── The data
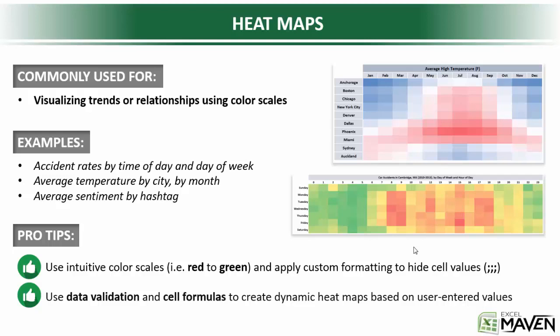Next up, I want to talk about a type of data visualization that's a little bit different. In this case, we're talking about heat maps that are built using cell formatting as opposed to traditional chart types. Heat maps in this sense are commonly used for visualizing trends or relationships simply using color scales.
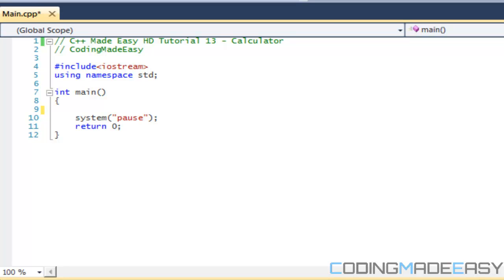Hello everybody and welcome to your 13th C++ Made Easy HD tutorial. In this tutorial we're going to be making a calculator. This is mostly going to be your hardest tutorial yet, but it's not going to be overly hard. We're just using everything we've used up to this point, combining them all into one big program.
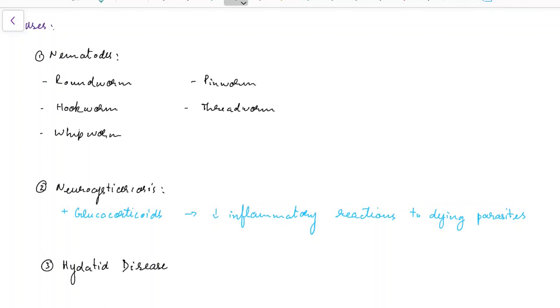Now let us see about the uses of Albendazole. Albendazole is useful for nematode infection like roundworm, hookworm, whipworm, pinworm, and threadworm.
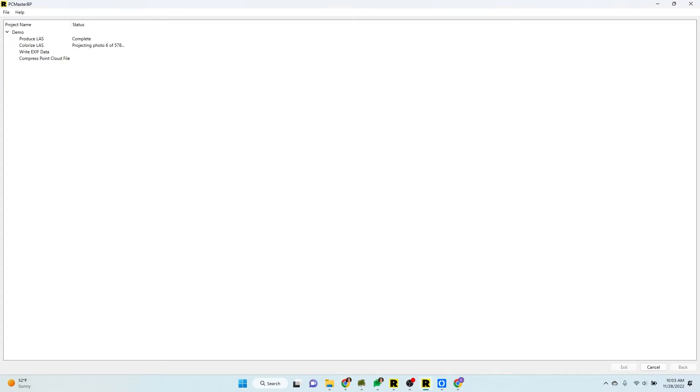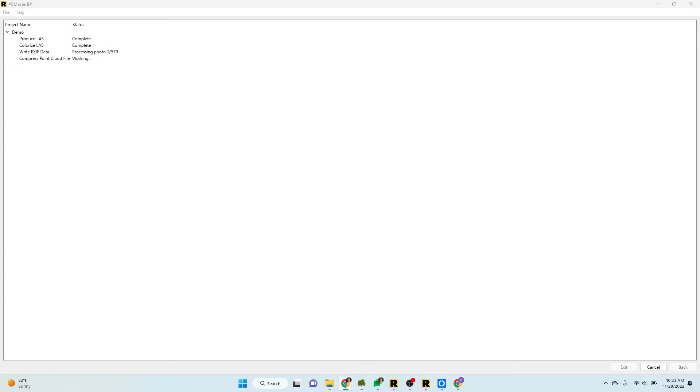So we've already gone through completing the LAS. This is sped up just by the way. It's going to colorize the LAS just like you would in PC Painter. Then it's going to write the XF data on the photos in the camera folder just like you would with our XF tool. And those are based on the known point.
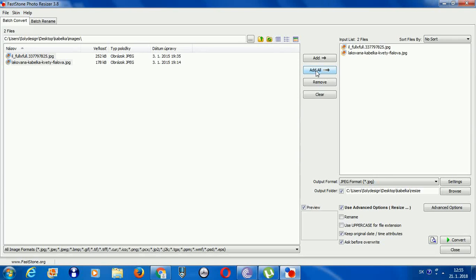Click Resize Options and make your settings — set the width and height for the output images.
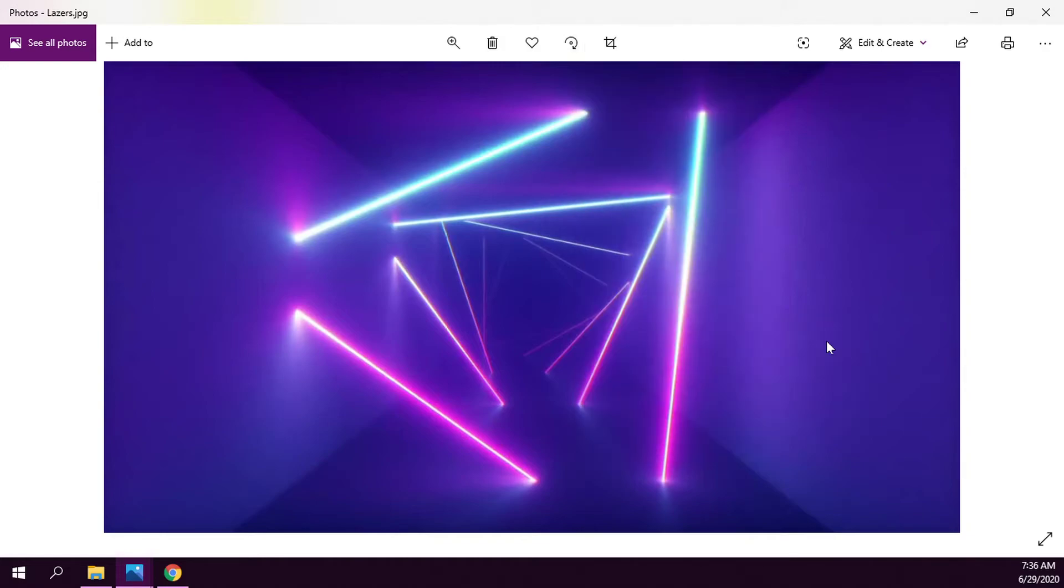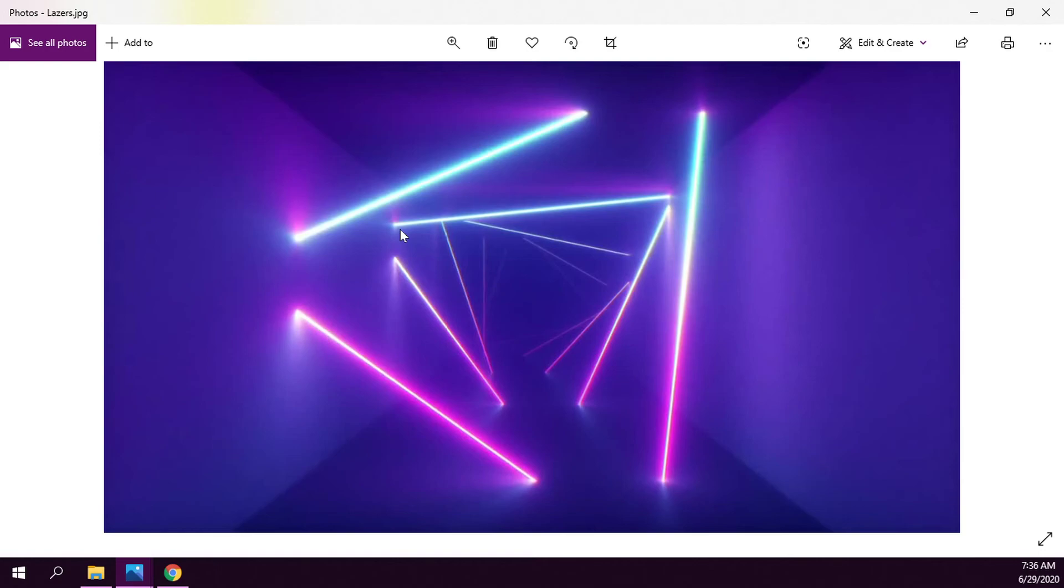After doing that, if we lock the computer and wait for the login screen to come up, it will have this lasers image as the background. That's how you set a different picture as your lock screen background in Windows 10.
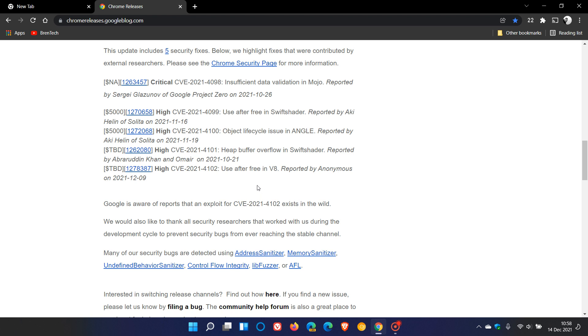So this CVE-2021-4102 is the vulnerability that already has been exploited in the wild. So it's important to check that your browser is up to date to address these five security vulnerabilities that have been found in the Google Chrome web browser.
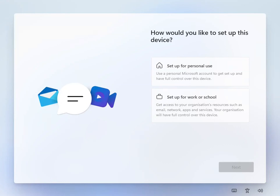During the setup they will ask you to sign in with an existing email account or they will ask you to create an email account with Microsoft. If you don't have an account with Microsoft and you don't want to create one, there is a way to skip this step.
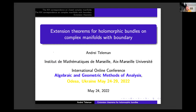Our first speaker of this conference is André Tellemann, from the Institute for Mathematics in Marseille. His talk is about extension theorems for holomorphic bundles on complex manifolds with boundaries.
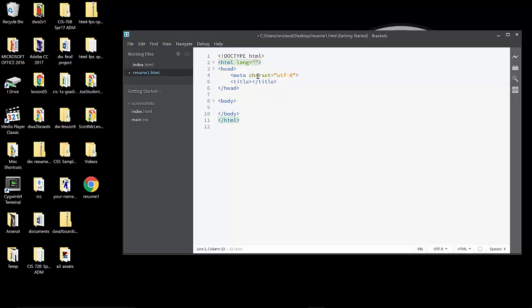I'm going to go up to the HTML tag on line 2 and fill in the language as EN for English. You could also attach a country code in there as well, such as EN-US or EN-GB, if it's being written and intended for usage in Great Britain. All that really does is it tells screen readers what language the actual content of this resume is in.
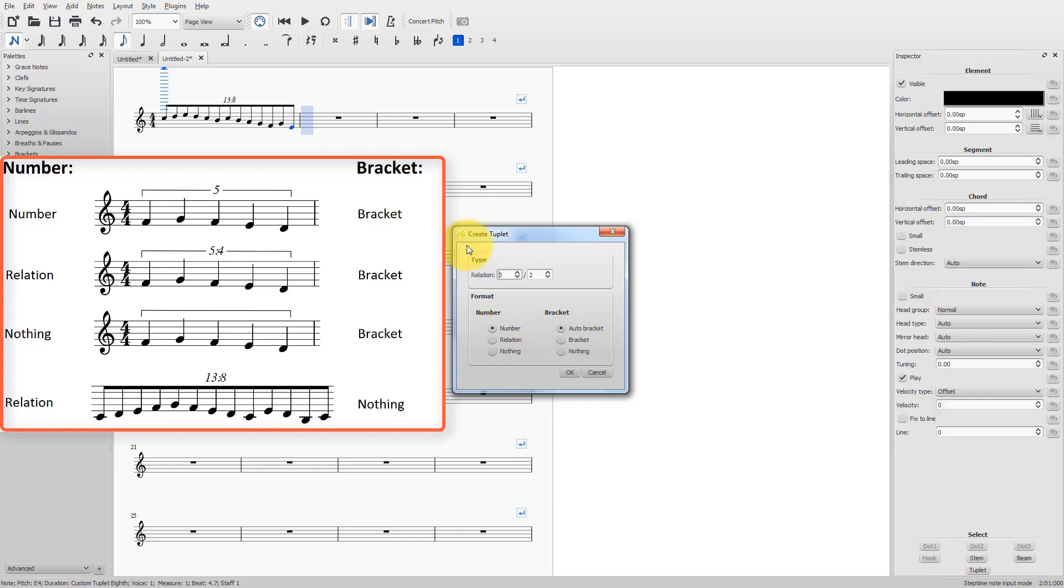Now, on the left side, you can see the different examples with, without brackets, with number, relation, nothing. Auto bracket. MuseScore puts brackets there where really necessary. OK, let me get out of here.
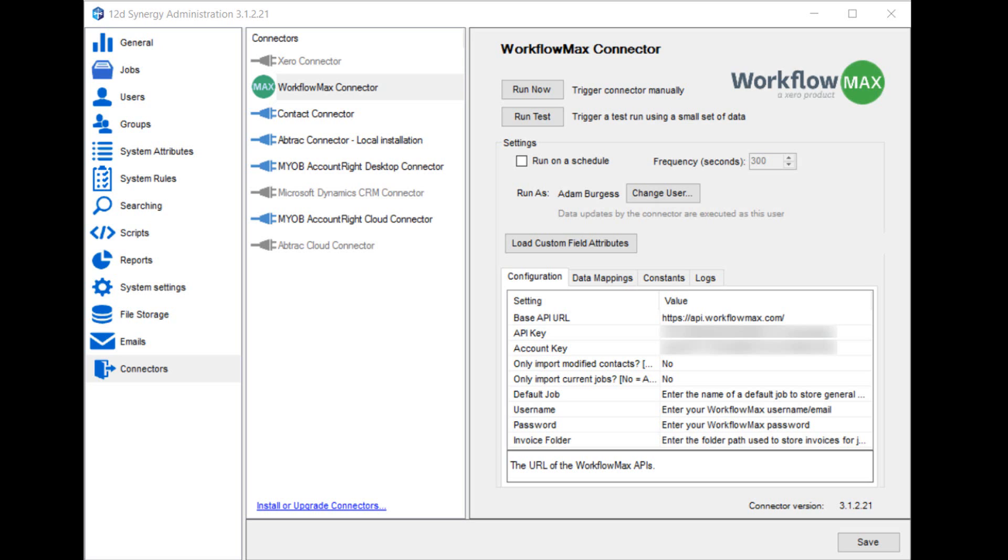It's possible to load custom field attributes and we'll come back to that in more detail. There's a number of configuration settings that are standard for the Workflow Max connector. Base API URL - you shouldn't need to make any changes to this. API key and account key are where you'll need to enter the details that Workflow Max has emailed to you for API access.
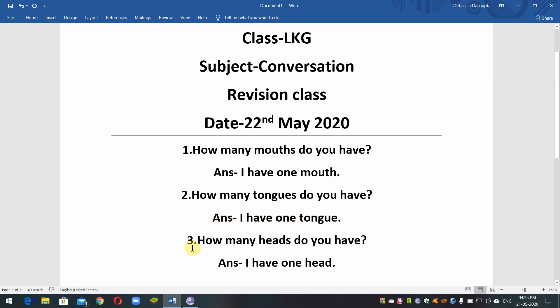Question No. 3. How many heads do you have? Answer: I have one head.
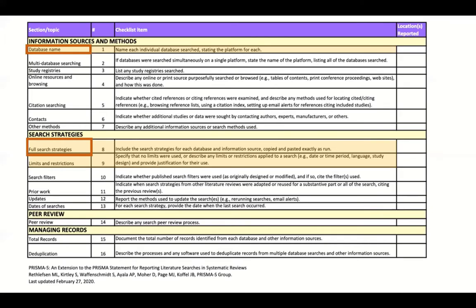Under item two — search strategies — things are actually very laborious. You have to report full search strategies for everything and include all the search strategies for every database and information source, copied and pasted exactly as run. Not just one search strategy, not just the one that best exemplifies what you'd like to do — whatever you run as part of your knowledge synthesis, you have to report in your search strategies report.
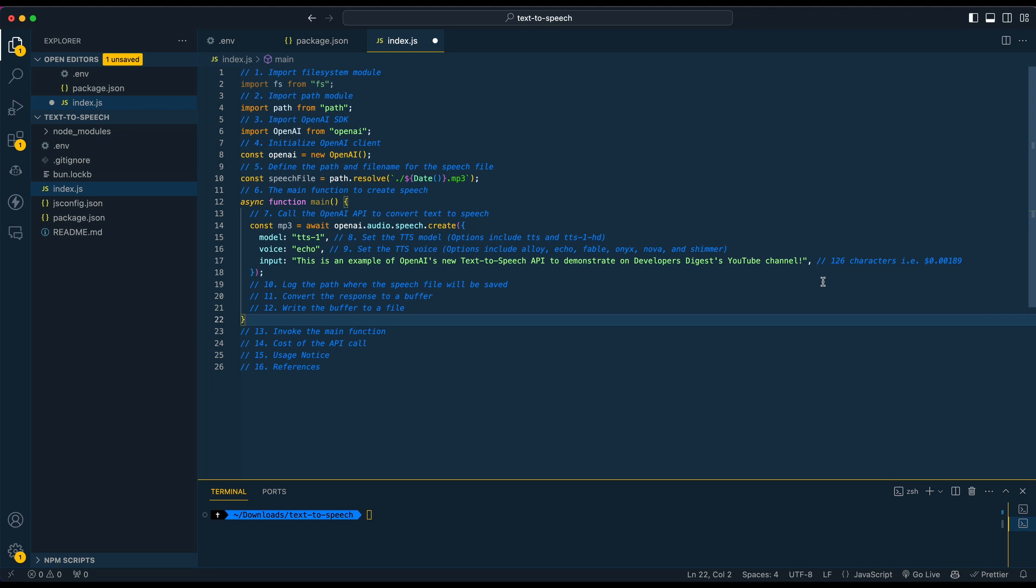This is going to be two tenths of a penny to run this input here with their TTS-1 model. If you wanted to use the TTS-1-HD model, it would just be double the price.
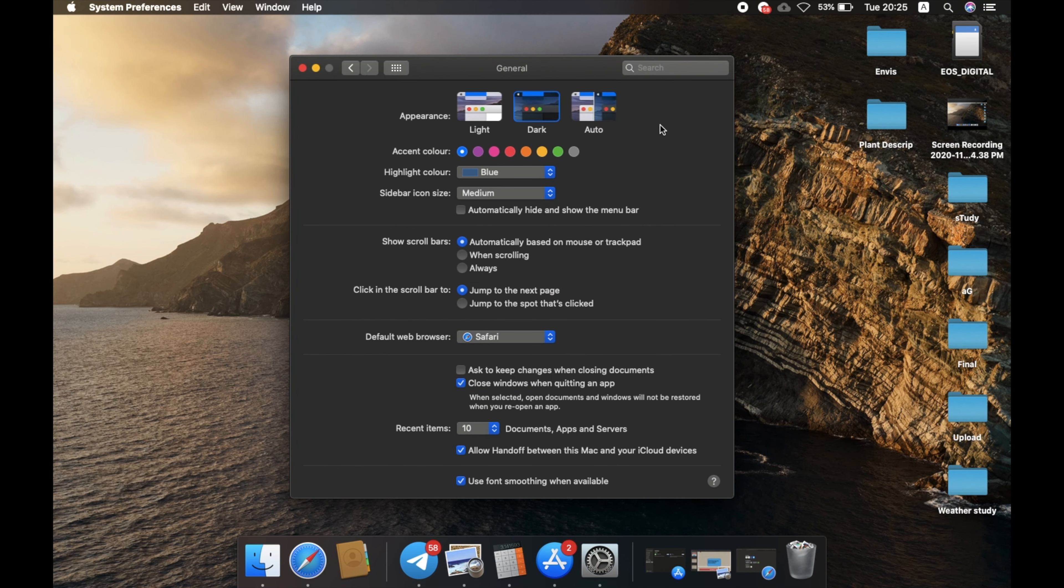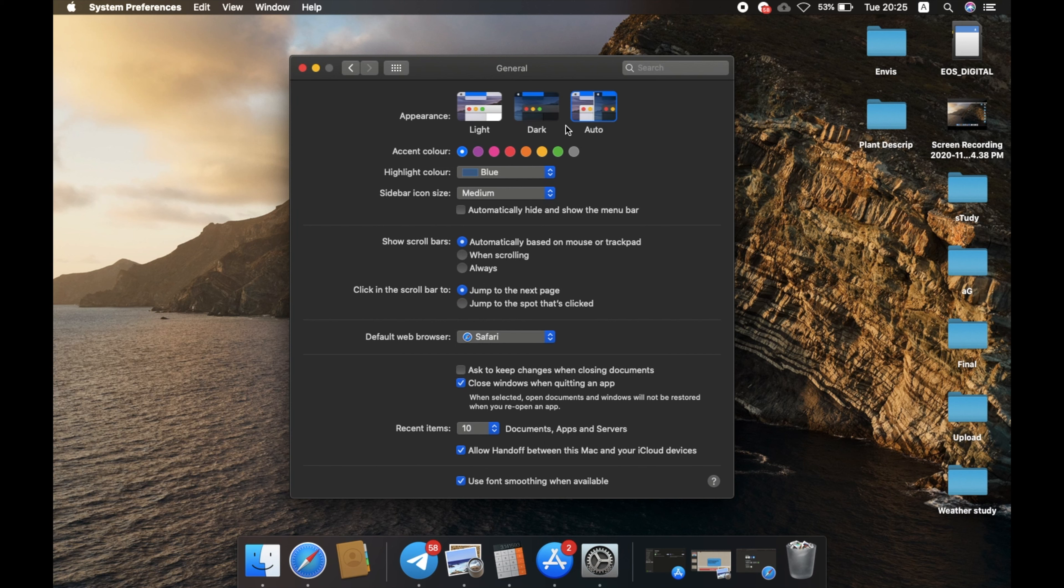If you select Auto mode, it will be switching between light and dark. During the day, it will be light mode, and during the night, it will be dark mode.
────
_Required action:_ Print exactly, and print only, the lines from the line with "Question No. 3." through the last line of the entries, both ends included. No pictures belong in the result.

_Solution for this problem:_
Question No. 3. How many heads do you have? Answer: I have one head.
Under item two — search strategies — things are actually very laborious. You have to report full search strategies for everything and include all the search strategies for every database and information source, copied and pasted exactly as run. Not just one search strategy, not just the one that best exemplifies what you'd like to do — whatever you run as part of your knowledge synthesis, you have to report in your search strategies report.
This is going to be two tenths of a penny to run this input here with their TTS-1 model. If you wanted to use the TTS-1-HD model, it would just be double the price.
If you select Auto mode, it will be switching between light and dark. During the day, it will be light mode, and during the night, it will be dark mode.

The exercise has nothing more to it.